Health insurance remains at the forefront of capital discussions

Insurance, in one form or another, took most of the focus and deliberation in the legislature last week. First, the issue of rate increases in “teacher insurance” is still being studied and debated. Governor Beebe has stated that he is not likely to call a special session unless a consensus is reached in advance on what to do about the problem. He wants any short-term fix to be tied to a long-term solution. Most agree a big problem lies in that arena. 

Governor Beebe says, and most agree, that every option is “on the table”; including, but not limited to; changes in the insurance plans, further reductions in benefits, shifting money from other funds, requiring school districts to put more of their state moneys into health insurance plans, and rolling back tax cuts that have not yet taken effect. Other options proposed include letting schools form their own plans or giving teachers subsidies for insurance so that they could then purchase their own plans through health-insurance exchanges. As I have said previously, this problem should have been solved before it reached this point. Now a company of professionals have been hired by Legislative Auditing to assess the situation and make recommendations for a permanent fix.          

Most believe that benefits may have to be changed in the long run, and some plans, like the Gold Plan with its no deductible, no co-pay, no caps features, has to go. Others believe that placing school employees and state employees in the same pool should also be on the table. Still others aren’t convinced that it is “their problem”. There is still an agreement to be reached and undoubtedly it will include more than one change. I don’t think anyone will get everything they want.    

At another meeting this week we learned that details of the plans and the rates for the new health insurance exchange are expected to be released on Monday, September 23. Enrollment is expected to begin on October 1 and coverage begins January 1. (Out of curiosity I’d check the rates at my earliest opportunity.  There is another little glitch. A legislative panel has decided to delay yet again funding to advertise/promote these rates and plans so it will likely be more difficult to be informed when enrollment begins. Some lawmakers decided to wait and see what the premiums are before spending additional money to fund it.  Some fear the rates will be too high since the plans can no longer deny coverage to anyone. The exchange rates are said to be affordable, but to whom. I’m sure the teachers’ insurance rates are affordable to the insurance company.  Are the new rates really affordable? Who knows? I’m not sure anyone does. At least no one is speaking up. Maybe we’ll have more facts on Monday.   

I want to again applaud the Mainline Health System clinics for their voluntary efforts to hold local meetings to inform the public about the new health insurance marketplace. They are doing a great service to the communities and we should all appreciate their efforts to educate us whether we agree with the health plans or not. Mainline Clinics, under the administration of our own Allen Nichols, serves Drew and other counties in our area. Thanks, Mainline! 

Education is always an issue at the forefront too. This week Higher Education took center stage with discussions about the various scholarship programs they manage—24 in all.
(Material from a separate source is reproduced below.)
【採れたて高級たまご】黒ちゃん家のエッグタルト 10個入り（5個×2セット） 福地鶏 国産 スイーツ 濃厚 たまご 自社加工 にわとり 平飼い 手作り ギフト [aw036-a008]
In 2013 the department distributed $52,128,898. (You may remember there was a $4.7 million dollar shortfall that the legislature covered.) In 2014 a projected amount to be awarded for scholarships is $51,681,570. At current levels this may indicate another shortfall next year. That will have to be watched. As you can see, these situations testify to the need for “Rainy Day” funds. We have to fulfill our promises to our children. Yet the money can, and will, run out if all entities get all they want. We can’t let that happen in a balanced budget state—and it isn’t fiscally responsible.

I found it interesting to hear that since the lottery is making less money and award amounts have been decreased, fewer scholarships were sought. In fact, the number awarded in traditional scholarships dropped by 205 from 2013 to 2014. When all is said and done, an analysis should uncover the cause of the drop.  I was pleased that 108 scholarships were awarded in Drew County this year and 103 were awarded in Ashley County.
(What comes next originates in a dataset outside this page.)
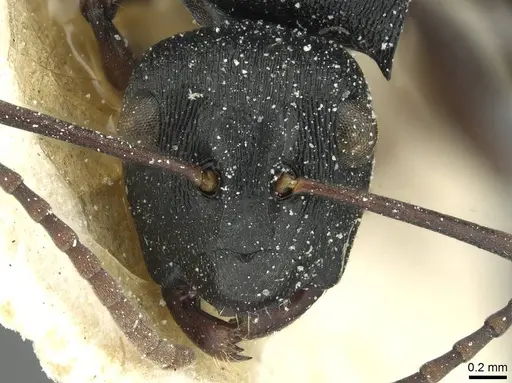 Polyrhachis limitis specimen CASENT0912826 image casent0912826_2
Another legislative committee met to discuss ways to increase college graduation rates as we move forward into the next decade. After much discussion and presentations by Mr. Aims McGuinness from the National Center for Higher Education Management and (my friend) Dave Spence, president of the Southern Regional Education Board (SREB), it was agreed that effective ways to do this must include setting statewide priorities and direction, increasing access to a college degree, increasing the number of degrees through institutional changes and better managing\cutting costs (cost effectiveness). Now we just have to find ways to successfully do all these things.          

The last topic I’ll discuss again today concerns broadband. This week we were informed and discussed further the invaluable impact broadband is having in the medical field in the state as well as education. We heard about telemedicine and its advantages and these were reiterated at length by representatives of UAMS and others. Broadband was also lauded for its impact upon distance learning, e-link and other uses. This meeting was a precursor to the Connecting Arkansas Internet Conference to be held this Wednesday and Thursday in Little Rock. I will attend all or part of it, according to the rest of my schedule.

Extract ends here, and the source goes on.